Each election cycle presents its own set of challenges, but the one thing that remains consistent is a determination to be fair to candidates and as thorough as possible.

There is only one judge of that. Not us and not the candidates or their close supporters.

It’s the readers of this newspaper.

On the national stage, The Tribune followed the campaign with reports from the Associated Press and local reports on issues that affected the area.

Naturally, there was an effort to make sure the key developments in the race were reported. Locally, reporter Benita Heath gave insight into the campaign with articles that dealt with the observations of Ohio University professors Dr. Michael McTeague and Dr. Michael Heineman.

In all the rhetoric and political propaganda, it’s sometimes difficult to see just exactly how candidates on a national stage will impact a local area. That was part of the motivation for those articles, to offer insight in how the candidates’ ideas and philosophies will affect people in the Tri-State.

We covered the candidates when they made appearances in the area.

In the primary, we reported on visits made by Sen. Hillary Clinton to Hanging Rock and Huntington.

In the general, we traveled to Portsmouth and Jackson to follow Sen. John McCain. During a bus tour in the area, I asked the senator about his thoughts on the challenges facing Appalachia and his ideas for how they could be met.

President-elect Barack Obama also came to Portsmouth and we covered his visit as well.

On the local level, we tried to inform readers about the candidates in various ways.
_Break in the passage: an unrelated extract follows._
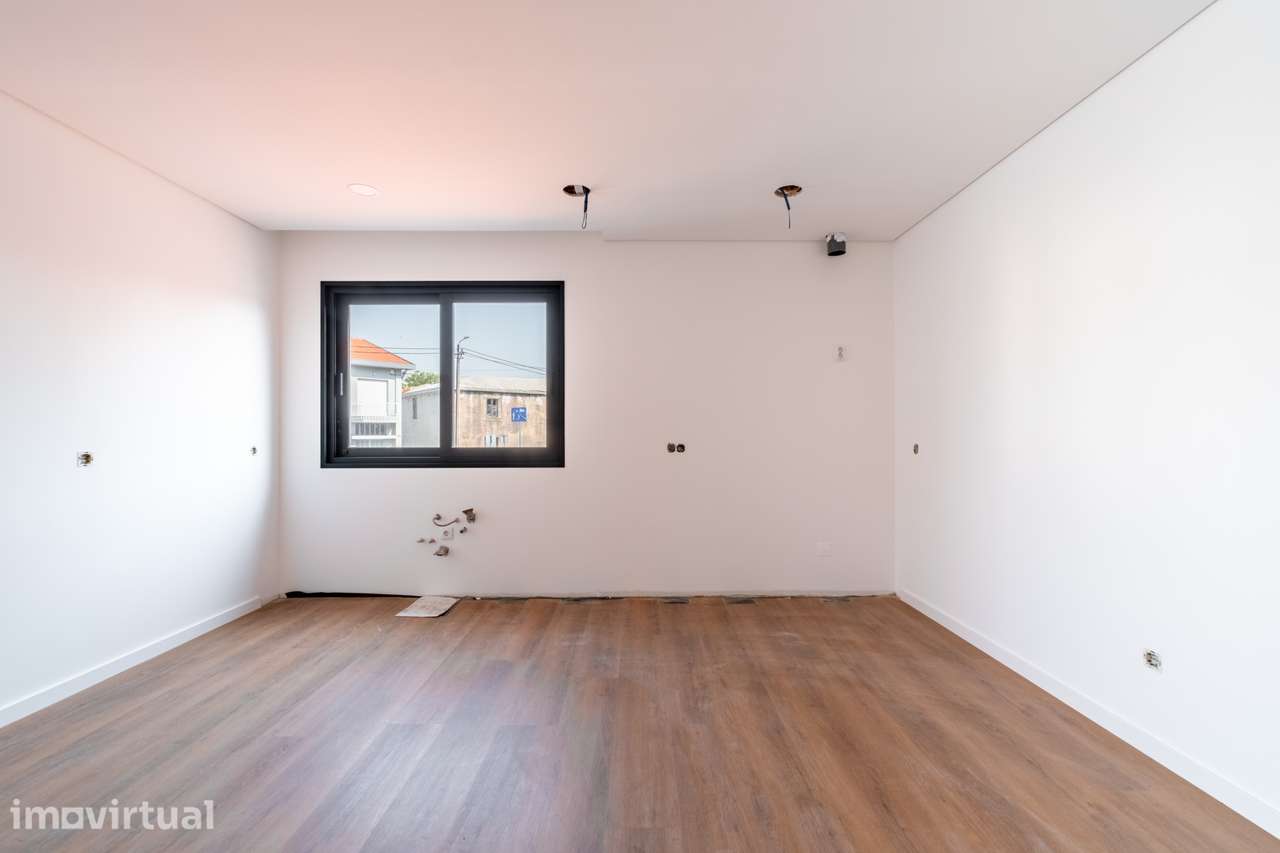 Andar-moradia T2 totalmente remodelado no centro de Valbom - Gondomar - Grande imagem: 3/24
We gave coverage to various debates and published an election guide with biographical information on the candidates and some of their thoughts on why they should be elected.

On the editorial page, letters to the editor ran the political spectrum and gave readers an opportunity to put in their two cents on races on all levels.

That page also had the political endorsements made by the editorial board, something that we defend as a vital part of our editorial process.

All in all, there was a genuine effort to be professional and fair. Our ultimate hope is that our coverage gave readers enough information about the people they were electing when they went to the polls.

We did our best to meet the very demanding challenges that all media face during elections, particularly one of such historic proportions.

It is part of our continuing effort to be a newspaper that serves as an advocate for Lawrence County and citizens who reside here.